How to complete this task:
What you return must be the lines of the data that hold the word "Free".
(Entries supplied Opens)
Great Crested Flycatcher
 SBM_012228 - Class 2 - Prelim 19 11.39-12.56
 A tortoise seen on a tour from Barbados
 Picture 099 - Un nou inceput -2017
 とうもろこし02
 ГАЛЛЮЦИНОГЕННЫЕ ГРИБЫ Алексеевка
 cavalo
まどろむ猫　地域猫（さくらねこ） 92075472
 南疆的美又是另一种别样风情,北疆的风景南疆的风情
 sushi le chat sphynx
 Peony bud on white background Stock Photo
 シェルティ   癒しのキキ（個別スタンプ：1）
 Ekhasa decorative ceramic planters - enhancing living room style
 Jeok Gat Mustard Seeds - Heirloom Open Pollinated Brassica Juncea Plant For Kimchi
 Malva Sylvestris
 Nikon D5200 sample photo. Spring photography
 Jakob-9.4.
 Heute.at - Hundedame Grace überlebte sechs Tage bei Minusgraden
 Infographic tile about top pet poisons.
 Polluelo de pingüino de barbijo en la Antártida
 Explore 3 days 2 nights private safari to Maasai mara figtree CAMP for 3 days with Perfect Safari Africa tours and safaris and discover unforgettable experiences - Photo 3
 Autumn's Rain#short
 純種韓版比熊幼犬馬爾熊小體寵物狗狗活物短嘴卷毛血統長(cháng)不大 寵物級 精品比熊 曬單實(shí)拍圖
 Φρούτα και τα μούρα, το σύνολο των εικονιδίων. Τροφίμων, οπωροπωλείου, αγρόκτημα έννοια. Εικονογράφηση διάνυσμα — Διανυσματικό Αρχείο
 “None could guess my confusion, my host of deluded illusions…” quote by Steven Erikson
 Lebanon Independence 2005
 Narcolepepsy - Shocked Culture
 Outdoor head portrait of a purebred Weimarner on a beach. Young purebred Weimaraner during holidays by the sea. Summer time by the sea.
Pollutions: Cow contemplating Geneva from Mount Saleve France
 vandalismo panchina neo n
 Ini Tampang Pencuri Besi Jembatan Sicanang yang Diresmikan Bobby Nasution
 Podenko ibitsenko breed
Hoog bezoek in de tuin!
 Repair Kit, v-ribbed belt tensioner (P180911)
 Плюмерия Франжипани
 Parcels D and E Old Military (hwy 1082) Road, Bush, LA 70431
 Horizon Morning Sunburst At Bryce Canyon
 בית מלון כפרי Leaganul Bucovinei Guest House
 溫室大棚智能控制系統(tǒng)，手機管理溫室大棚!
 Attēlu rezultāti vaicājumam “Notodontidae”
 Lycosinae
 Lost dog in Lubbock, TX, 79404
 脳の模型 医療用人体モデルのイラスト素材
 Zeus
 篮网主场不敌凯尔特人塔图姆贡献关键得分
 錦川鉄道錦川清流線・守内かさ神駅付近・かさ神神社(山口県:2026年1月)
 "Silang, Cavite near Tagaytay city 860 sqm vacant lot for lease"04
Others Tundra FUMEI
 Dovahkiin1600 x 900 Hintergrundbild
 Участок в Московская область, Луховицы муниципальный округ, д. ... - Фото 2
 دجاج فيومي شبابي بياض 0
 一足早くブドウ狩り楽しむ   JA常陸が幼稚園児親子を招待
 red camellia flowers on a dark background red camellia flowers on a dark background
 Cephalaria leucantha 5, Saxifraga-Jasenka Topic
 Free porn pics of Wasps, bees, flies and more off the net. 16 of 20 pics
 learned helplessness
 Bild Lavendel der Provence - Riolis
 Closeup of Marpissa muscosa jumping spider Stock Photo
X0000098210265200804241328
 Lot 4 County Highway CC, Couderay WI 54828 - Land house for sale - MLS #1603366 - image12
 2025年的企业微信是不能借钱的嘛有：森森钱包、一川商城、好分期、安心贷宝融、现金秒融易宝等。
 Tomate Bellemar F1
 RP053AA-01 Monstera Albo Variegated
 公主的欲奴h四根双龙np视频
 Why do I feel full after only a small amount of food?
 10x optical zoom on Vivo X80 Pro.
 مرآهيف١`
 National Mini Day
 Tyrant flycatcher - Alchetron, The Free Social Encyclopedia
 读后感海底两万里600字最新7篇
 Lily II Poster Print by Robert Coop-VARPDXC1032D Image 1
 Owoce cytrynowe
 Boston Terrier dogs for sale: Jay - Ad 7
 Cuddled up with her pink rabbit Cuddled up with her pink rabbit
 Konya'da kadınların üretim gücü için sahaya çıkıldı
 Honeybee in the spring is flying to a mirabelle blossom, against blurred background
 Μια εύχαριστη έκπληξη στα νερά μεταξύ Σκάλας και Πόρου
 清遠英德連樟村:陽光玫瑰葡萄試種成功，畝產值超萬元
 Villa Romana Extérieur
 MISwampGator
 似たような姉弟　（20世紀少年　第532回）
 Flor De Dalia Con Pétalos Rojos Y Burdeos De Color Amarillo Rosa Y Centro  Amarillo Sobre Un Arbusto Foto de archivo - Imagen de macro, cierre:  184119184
(Entries supplied Closes)
Task result:
 Free porn pics of Wasps, bees, flies and more off the net. 16 of 20 pics
 Tyrant flycatcher - Alchetron, The Free Social Encyclopedia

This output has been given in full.